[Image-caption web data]
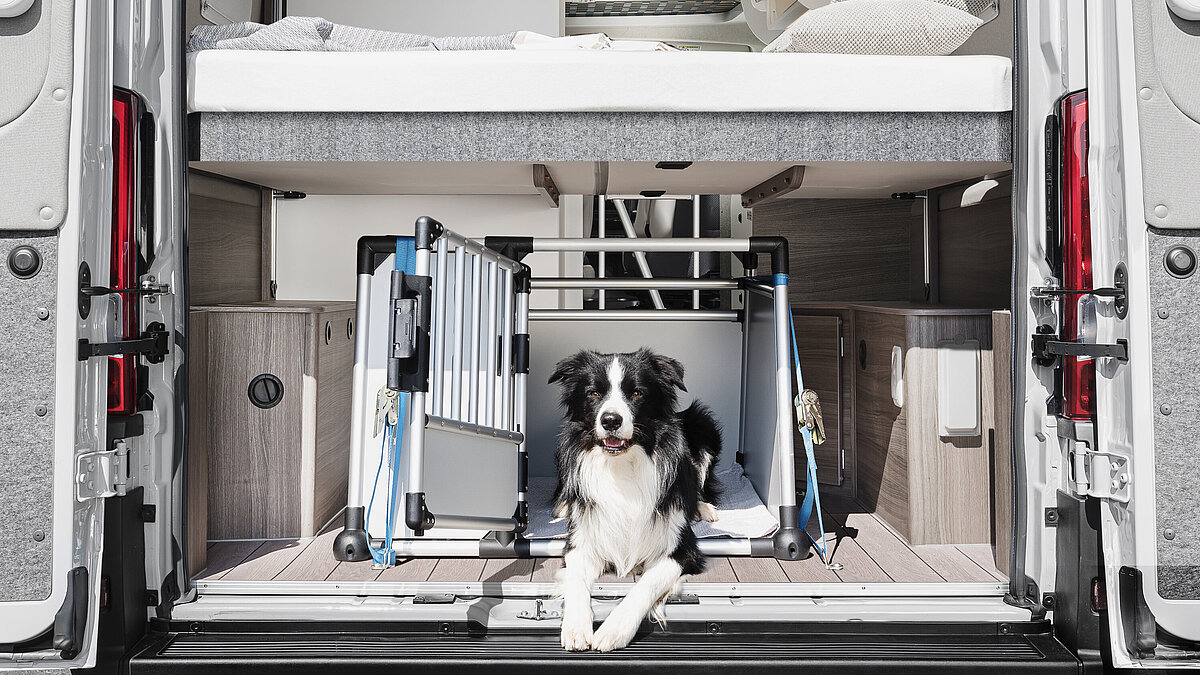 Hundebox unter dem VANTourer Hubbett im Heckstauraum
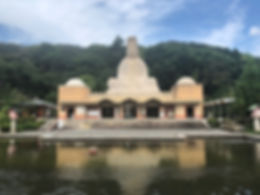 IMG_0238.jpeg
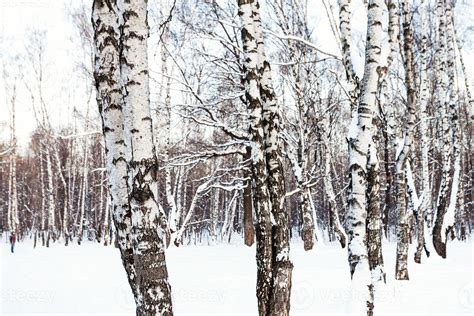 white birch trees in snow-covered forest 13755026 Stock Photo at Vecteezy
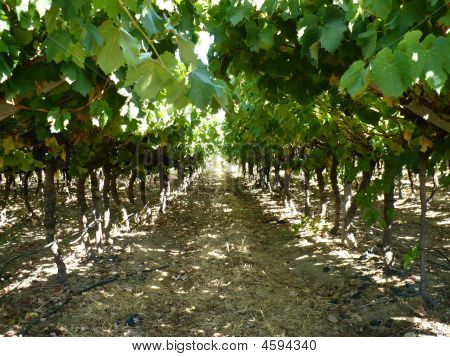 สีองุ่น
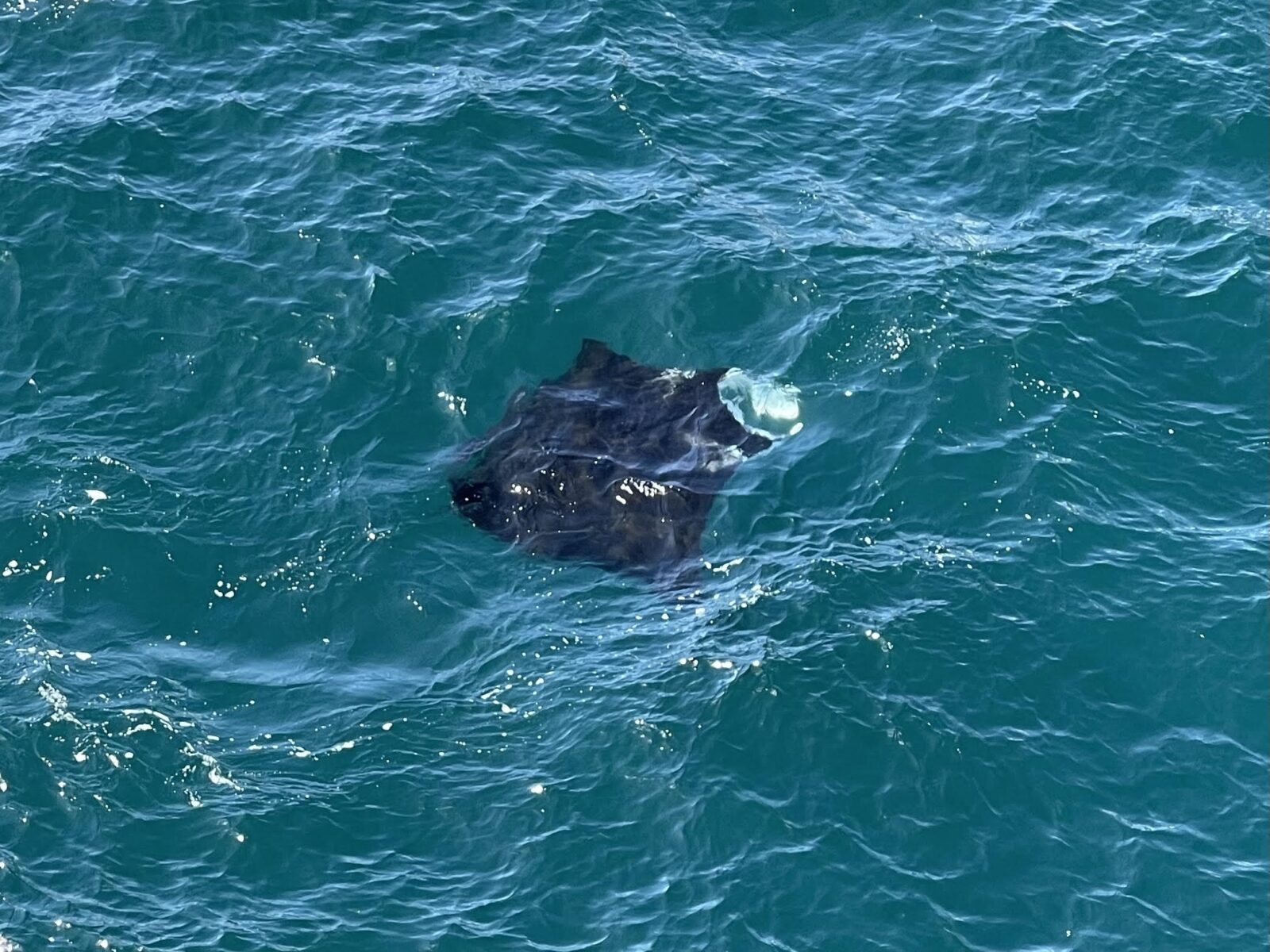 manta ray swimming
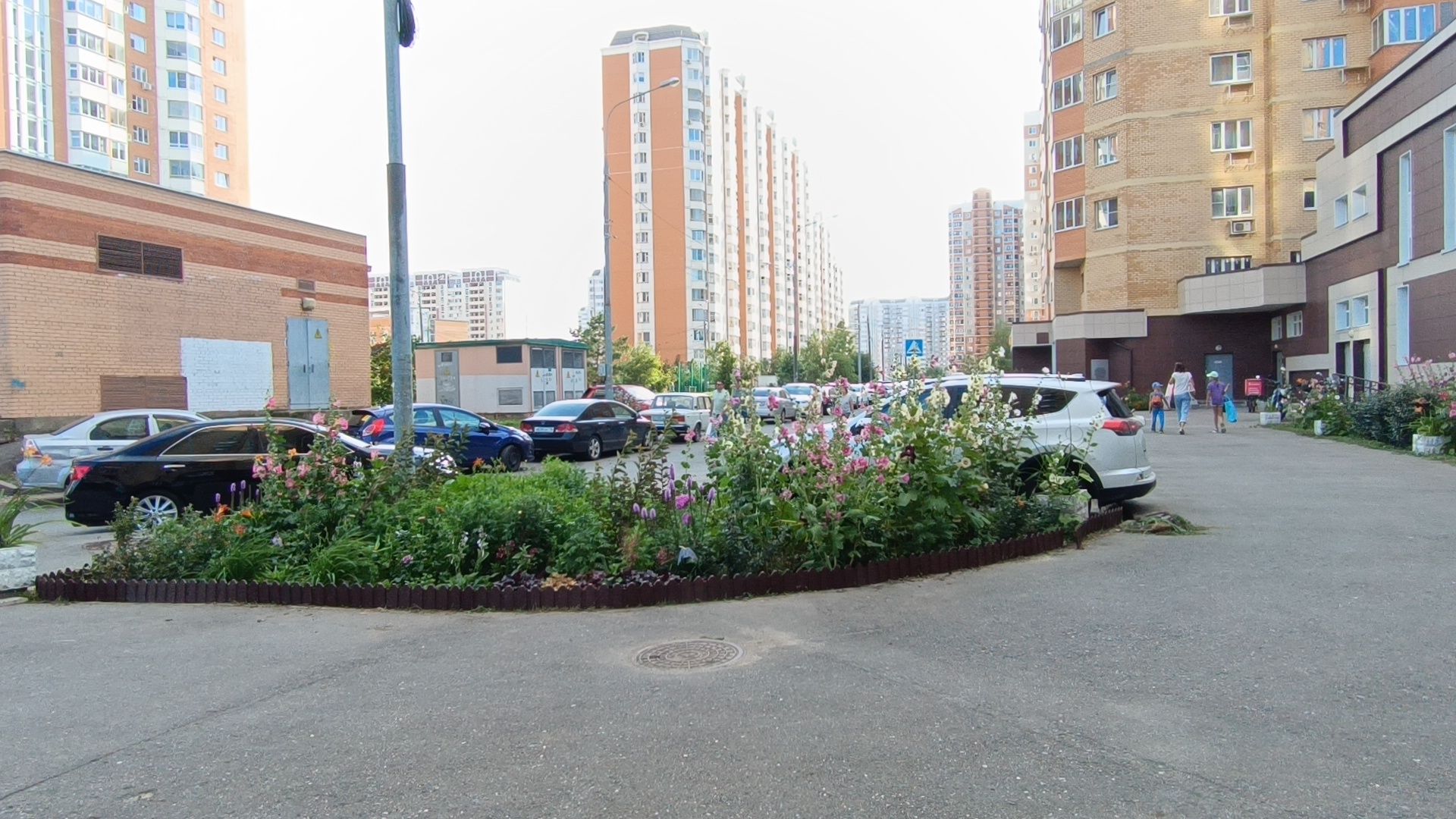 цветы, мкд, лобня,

*Task prompt*: Repeat each line word for word, from the one with "IMG_0238.jpeg" down to the last line of the data, and keep the pictures out of it.

*Reply*:
 IMG_0238.jpeg
 white birch trees in snow-covered forest 13755026 Stock Photo at Vecteezy
 สีองุ่น
 manta ray swimming
 цветы, мкд, лобня,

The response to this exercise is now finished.